__Problem to solve__: Everything from the line holding "Egyptian God Deck: Obelisk" through the final line of the entries below is to be written out exactly, and nothing more; leave out pictures.

### Extracted information ###

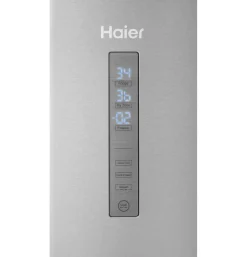 HAIER Réfrigérateur 15 pi3 28 po Acier inoxydable Congélateur en bas - HRB15N3BGS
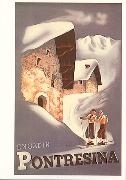 Cover-Bild zu 01448; PlakK A6: Pontresina 1941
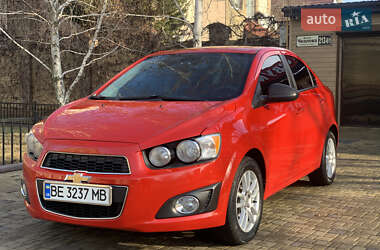 Седан Chevrolet Sonic 2012 в Миколаєві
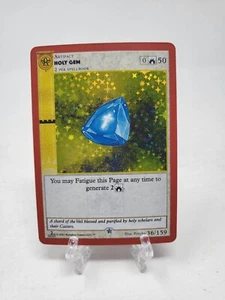 Metazoo Cryptid Nation 2a Edizione Holy Gem 36/159 Full Holo - Foto 1 di 2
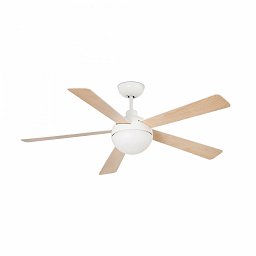 IZARO L LED, bílá, stropní ventilátor s DC motorem - FARO Obrázek pro produkt IZARO L LED, bílá, stropní ventilátor s DC motorem - FARO
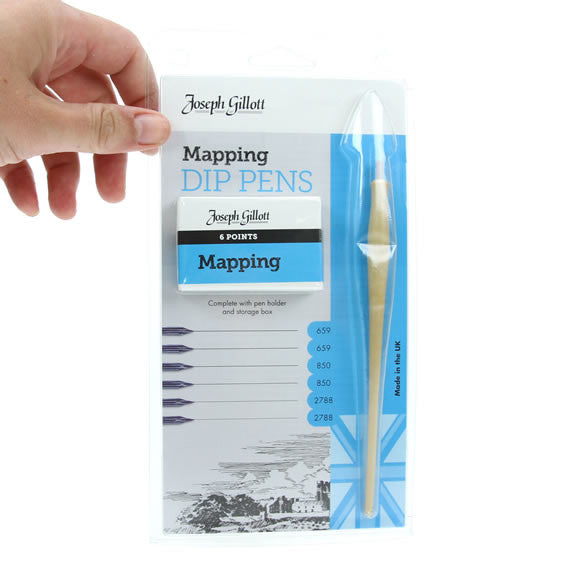 Joseph Gillot Mapping Card Pack
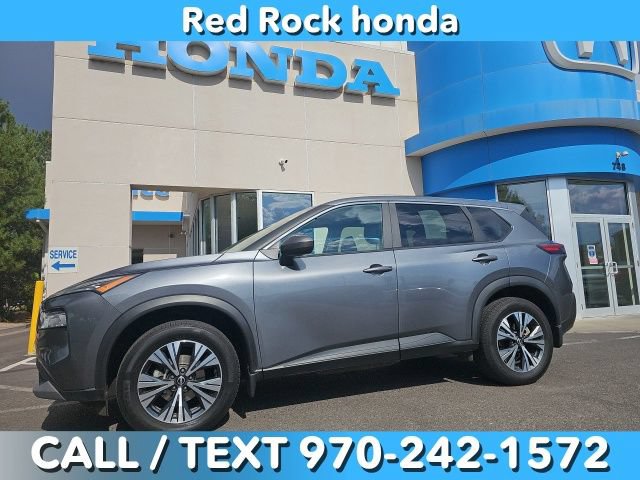 Used 2023 Nissan Rogue SV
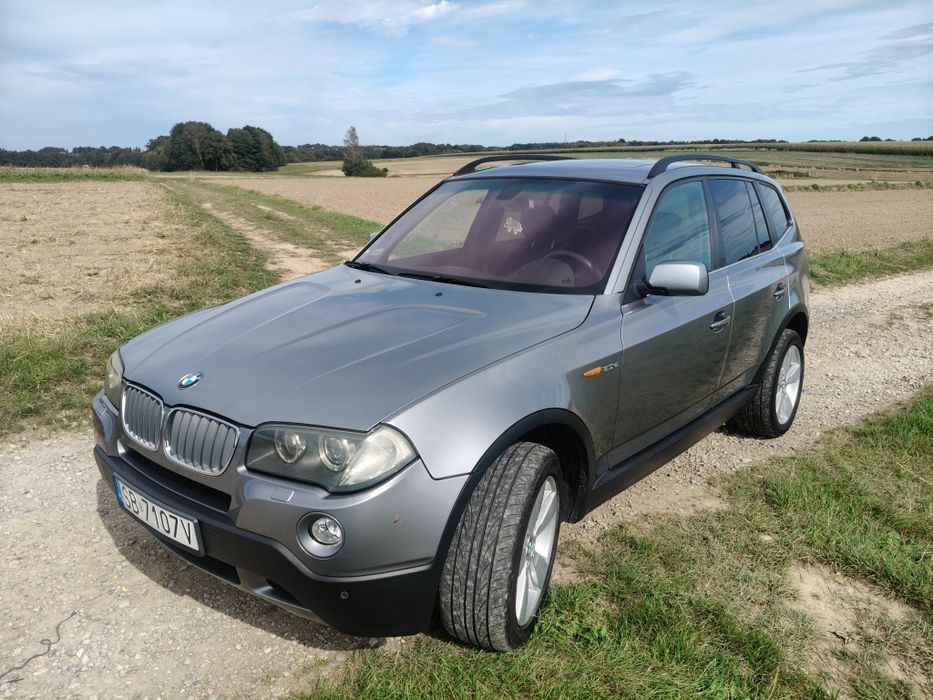 BMW X3 3.0 M57, e83, automat , stan bardzo dobry .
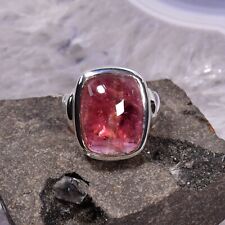Turmalin Ring, 925er Silber, Edelsteinring (23661), Edelsteinschmuck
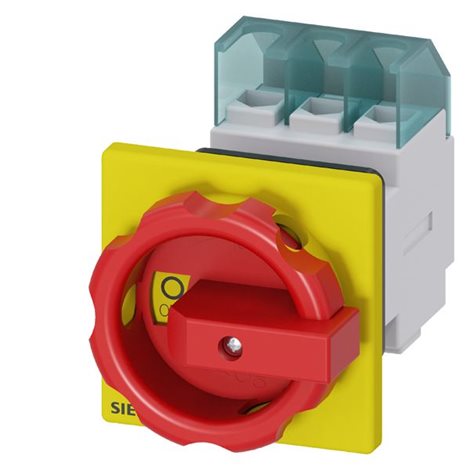 3LD2254-0TK53 SENTRON, 3LD switch disconnector, EMERGENCY-STOP 1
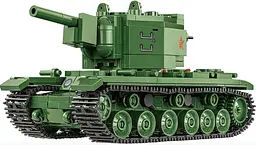 Конструктор дитячий танк KV-2 COBI 2731 - мініатюра 4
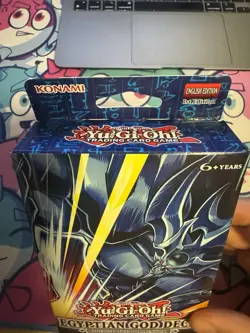 Egyptian God Deck: Obelisk the Tormentor - 1st Edition Yugioh Sealed - Image 3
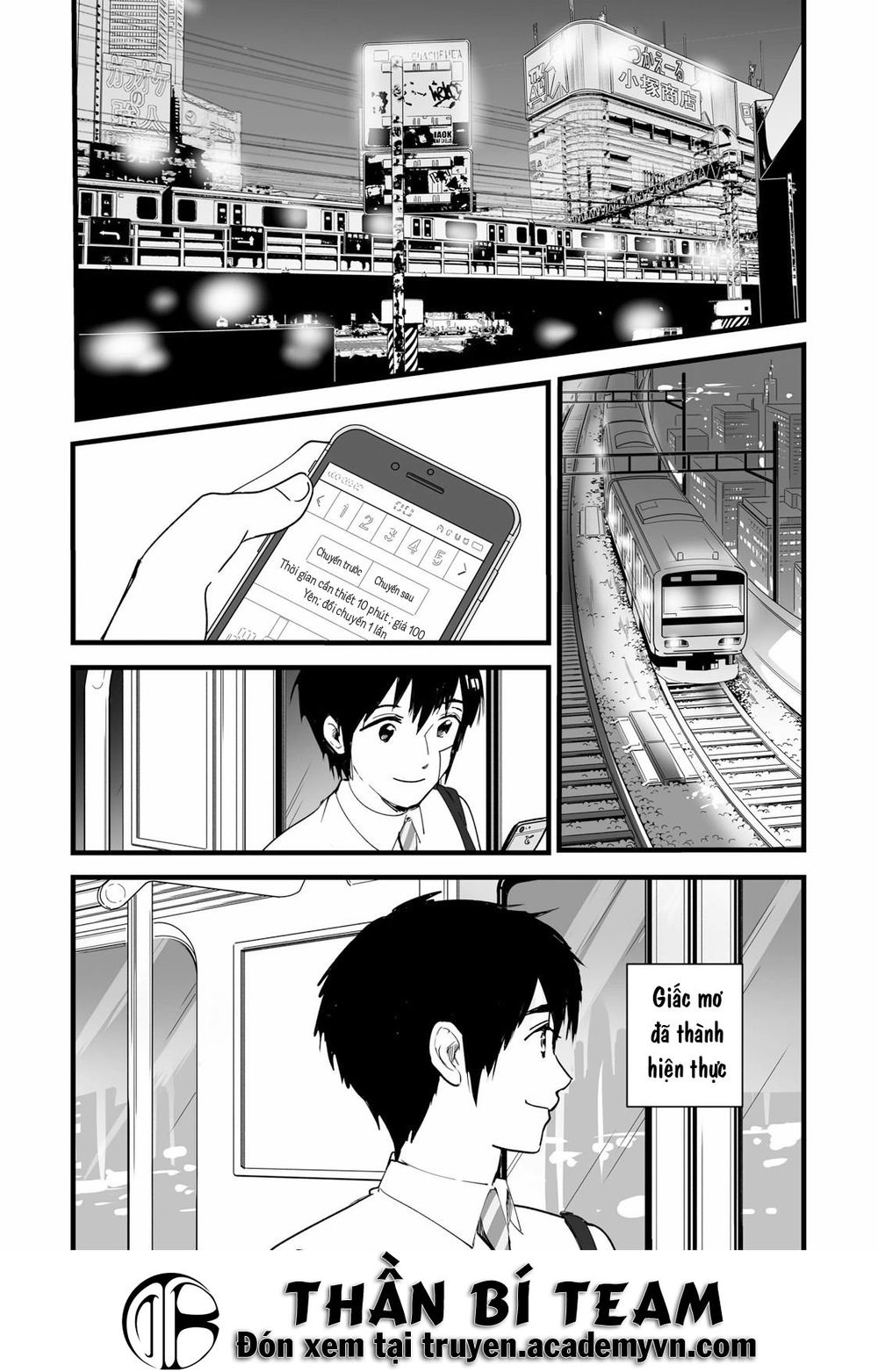 Your Name – Tên Bạn Là Gì? Chương 2 Page 33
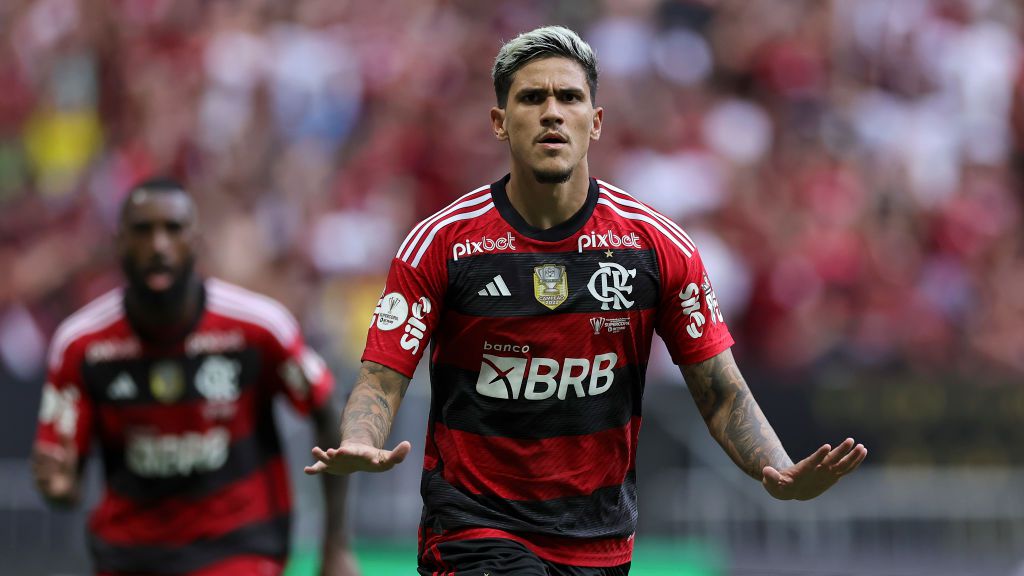 Pedro no Flamengo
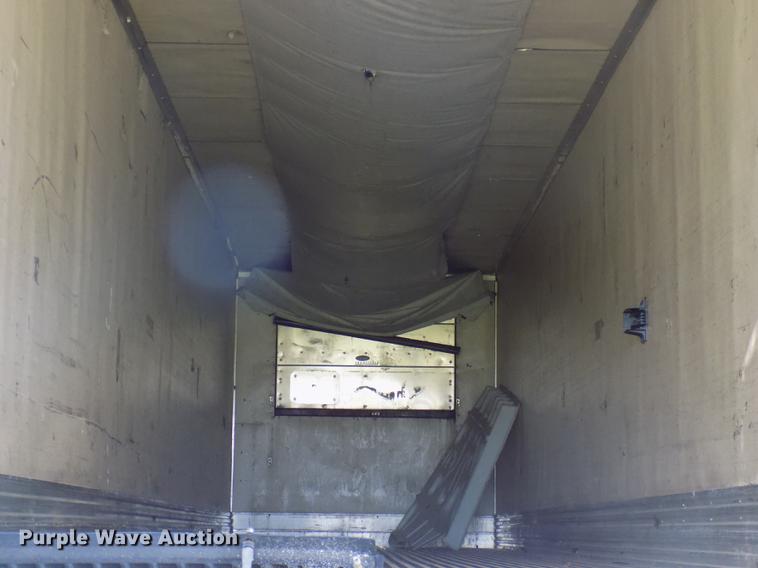 image for item EE9256 1999 Utility refrigerated van trailer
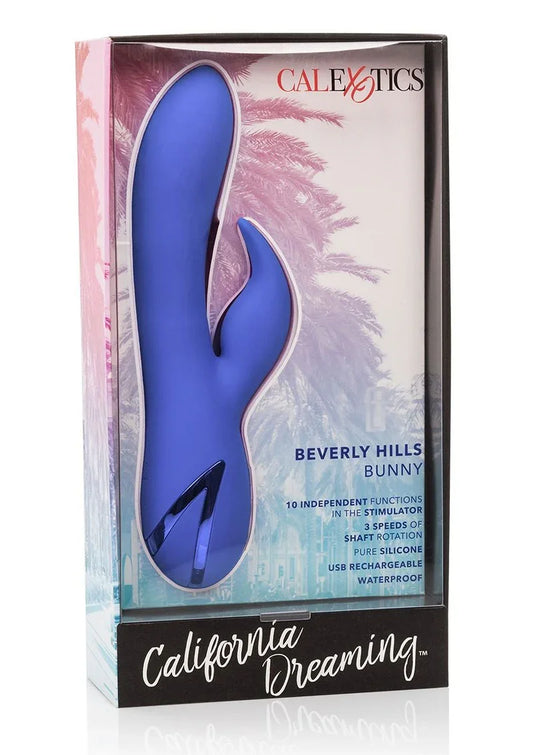 California Dreaming Beverly Hills Bunny by CalExotics - Happytoys Sexshop: Toys for Feeling Happy & Easy 😊 - Discreet geleverd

###

__Result of the exercise__:
 Egyptian God Deck: Obelisk the Tormentor - 1st Edition Yugioh Sealed - Image 3
 Your Name – Tên Bạn Là Gì? Chương 2 Page 33
 Pedro no Flamengo
 image for item EE9256 1999 Utility refrigerated van trailer
 California Dreaming Beverly Hills Bunny by CalExotics - Happytoys Sexshop: Toys for Feeling Happy & Easy 😊 - Discreet geleverd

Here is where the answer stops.